◆ What this task involves: Please copy the data exactly as it stands, minus the images.

◆ Dataset section:
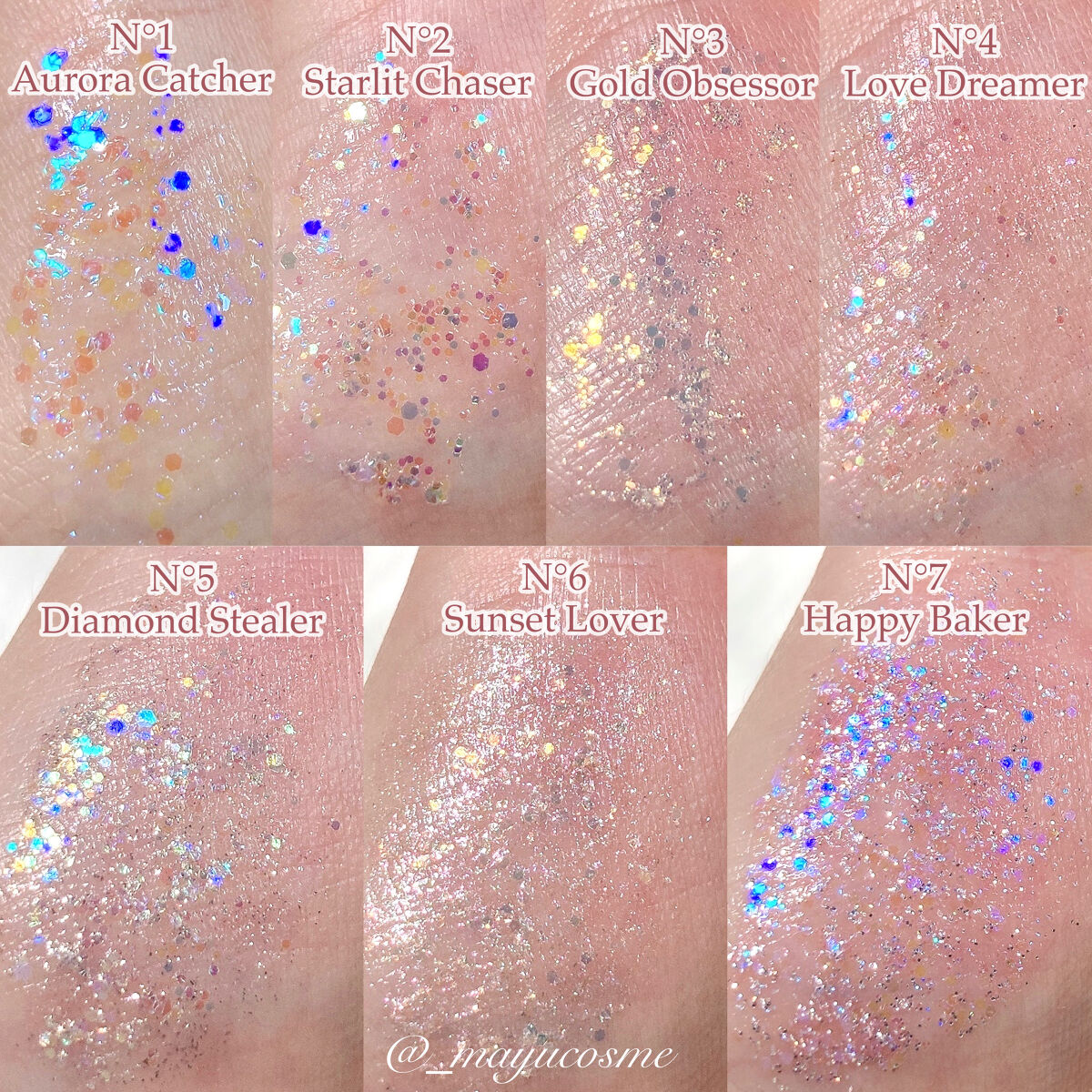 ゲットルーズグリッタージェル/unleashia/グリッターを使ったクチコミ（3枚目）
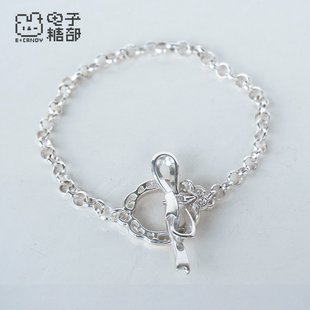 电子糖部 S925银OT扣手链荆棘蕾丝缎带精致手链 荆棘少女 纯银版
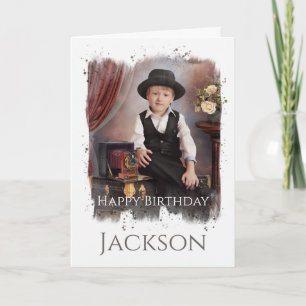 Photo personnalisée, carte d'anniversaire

◆ Exercise output:
 ゲットルーズグリッタージェル/unleashia/グリッターを使ったクチコミ（3枚目）
 电子糖部 S925银OT扣手链荆棘蕾丝缎带精致手链 荆棘少女 纯银版
 Photo personnalisée, carte d'anniversaire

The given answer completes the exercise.